Sea and Sky Serpents
For centuries people have told stories about giant serpents that live in the sea or fly across the sky, the latter of which they typically call dragons. The first written stories of dragons appeared in medieval times. Some of these are clearly fictional tales, but others sound like they were intended to be true reports of dragon sightings. In one such account, from April 1388, several people supposedly saw a great serpent flying across the skies of England. Similar reports were made in England in December 1762, in Nebraska from 1857 through 1858, and in Texas and Kansas in 1873. These creatures supposedly looked like snakes rather than like the firebreathing dragons of myth.
Early Accounts
Sea serpents have also appeared in myths and legends since ancient times, but they are mentioned just as frequently, if not more, in natural histories and supposedly factual accounts of sailors’ encounters with these creatures. Among the first such accounts was a 1555 report, in the zoological writings of cleric Olaus Magnus of Sweden, of Norwegian sailors seeing a sea serpent that was approximately 200 feet (61.m) long and 20 feet (6.1m) around the belly at the widest point. This creature was said to live in caves near the sea and to venture out to attack both humans and animals venturing nearby. A similar account, from 1734, involved a 100-foot-long (30.5m) sea serpent sighted off the coast of Greenland. Zoologist Bishop Erik Pontopiddan, in his Natural History of Norway (1752–1753), subsequently wrote that there were also many large serpents in the North Sea.
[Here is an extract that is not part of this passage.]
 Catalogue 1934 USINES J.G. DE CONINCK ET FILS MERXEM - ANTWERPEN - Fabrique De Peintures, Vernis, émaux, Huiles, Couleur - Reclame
Sea serpents have also been reported in the waters off the eastern United States, beginning with the first sailors who travelled to America from England. During the Revolutionary War, sailors from the American gunship Protector claimed that they shot at a sea serpent in 1779, and the following year Captain George Little of the frigate Boston claimed to have sighted a similar creature off the coast of Maine. From 1817 to 1819, a rash of sea serpent sightings were reported in the waters off of Boston, Massachusetts. Though many of the people reporting these sightings were respected citizens, they became the butt of jokes when a scientific society declared that all stories of giant serpents were actually exaggerated tales about an ordinary variety of water snake. In 1892, in a book called The Great Sea Serpent, Antoon Cornelis Oudemans declared that these creatures were actually giant seals.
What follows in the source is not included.